Segundo, a mídia tradicional
perdeu audiência, substituída pela internet. Cada vez mais gente consome
informação de cada vez mais fontes, e cada vez mais gente produz e dissemina
seu próprio conteúdo a partir de mídias sociais e plataformas independentes.
Estima-se que mais de 2/3 dos 156 milhões de usuários norte-americanos do
Facebook utilizem a rede social como principal ou única fonte de informação.
Não há mais, portanto, sentido
em controlar seis ou sete grandes conglomerados, quando jovens de vinte e
poucos anos sem nenhum respeito pelo status quo e morando numa cidadezinha do
interior de Santa Catarina ou Pernambuco podem escrever o que quiserem, sem
intermediários, contando com uma audiência nacional maior do que a da Veja ou
da Carta Capital por várias ordens de grandeza.
O campo de batalha se
deslocou, mas as armas já estavam à disposição dos contendores: rotular de
“discurso de ódio” qualquer dissenso, ou de “notícia falsa” qualquer coisa cuja
publicação não interesse ao avanço da causa progressista. Após o resultado do
Brexit, e, principalmente, após a eleição de Donald Trump, conglomerados como
Google e Facebook foram publicamente acusados de “não terem feito o bastante”
para coibir a disseminação de notícias falsas, já dando como certo que os dois
eventos ocorreram não porque o povo assim quis, mas porque foi enganado.
Esqueceu-se, por exemplo, que as campanhas de Barack Obama em 2008 e 2012 foram
pródigas na utilização não só das redes sociais, mas de robôs geradores de
clicks, fazendo com que as notícias positivas sobre Obama enterrassem as
negativas e parecessem onipresentes nos mecanismos de buscas.
O problema é a definição de
“notícia falsa”. O timing do assunto causa desconfiança.

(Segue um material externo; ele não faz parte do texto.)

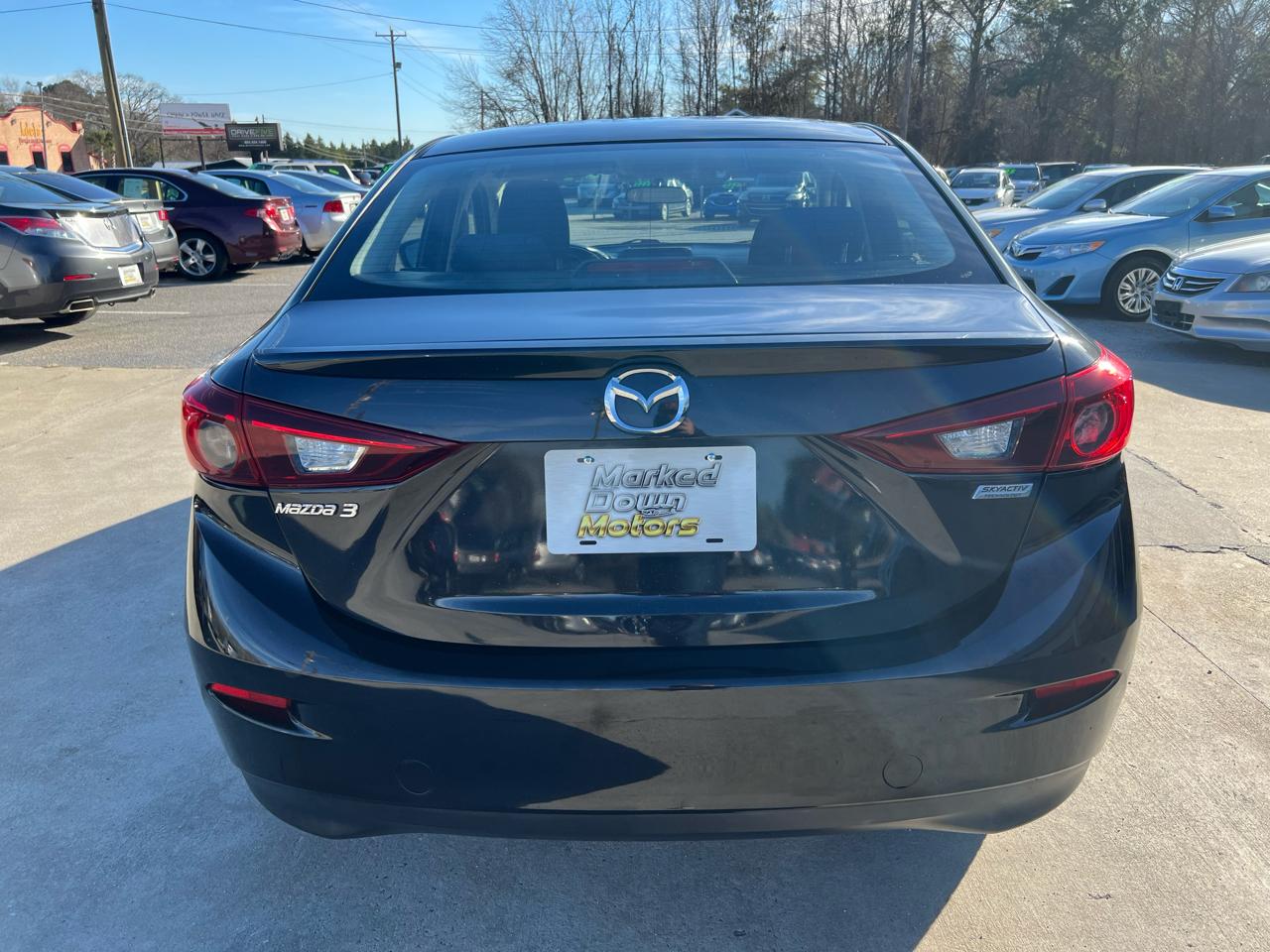 Mazda MAZDA3 i Touring AT 4-Door 2014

Após a vitória de
Trump, sob pressão, o Google anunciou no final do ano passado uma ferramenta de
fact check, que vai utilizar algoritmos para determinar se um link traz uma
notícia falsa, rebaixando-o nos resultados da busca nessa hipótese. Além disso,
sites que recebam o rótulo de disseminadores de notícias falsas serão proibidos
de utilizar o AdSense para ganhar dinheiro. Mas ninguém sabe como esse
algoritmo será calibrado, nem o grau de interferência humana no processo.
Mas a polêmica maior se deu
com o Facebook, já que o próprio Zuckerberg veio a público inicialmente
afirmando que sua rede não poderia censurar previamente conteúdo dos usuários.

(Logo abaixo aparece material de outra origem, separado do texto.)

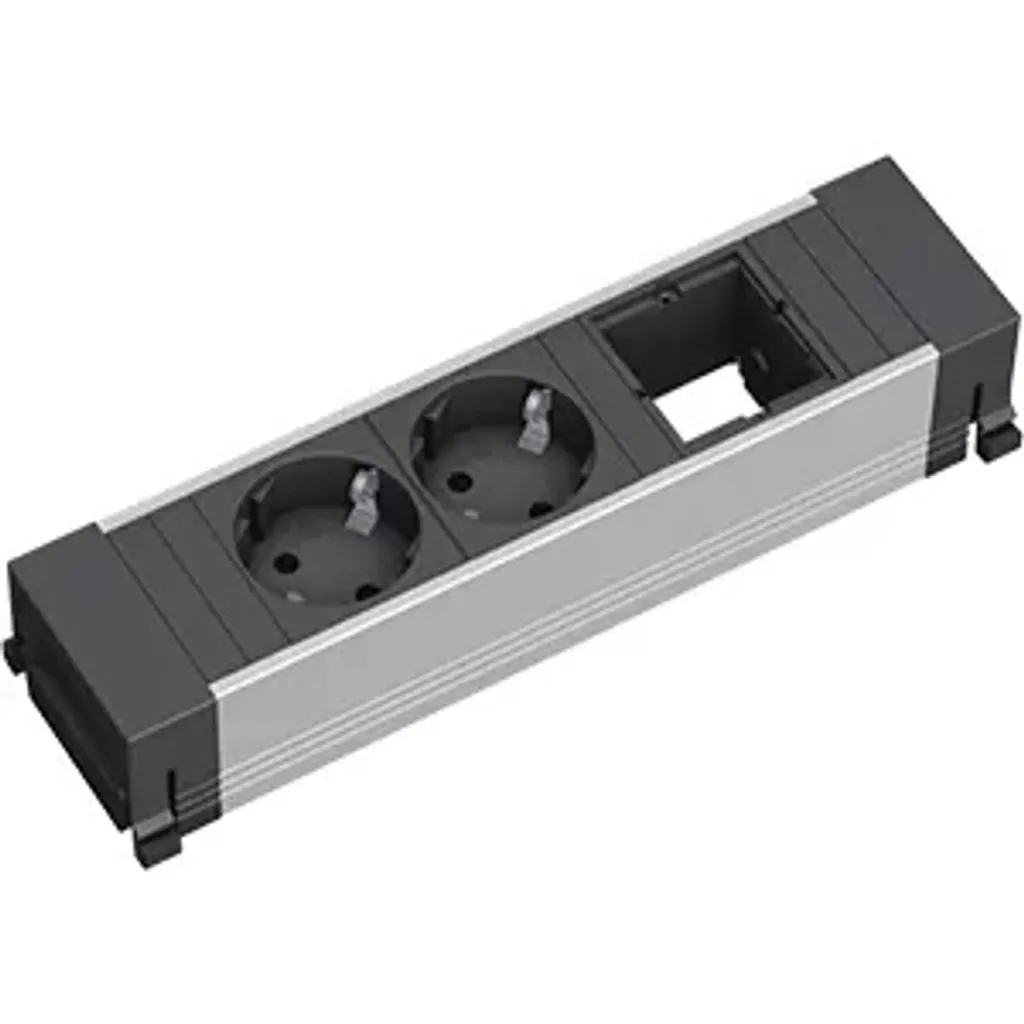 BACHMANN POWER FRAME Small 2x contatto di terra 1x ABD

Em maio de 2016, o Facebook já
havia encerrado a equipe de editores do site, sob acusações de que estariam
trabalhando ativamente para remover notícias pró-Trump dos trending topics. No
final do ano, Zuckerberg afirmou que 99% das notícias veiculadas no site eram
verdadeiras, e o 1% restante não estariam “limitados a um partido o mesmo à
política”. Ou seja, ele reconhecia que havia notícias falsas que igualmente
prejudicavam candidatos progressistas e conservadores, sem um viés específico.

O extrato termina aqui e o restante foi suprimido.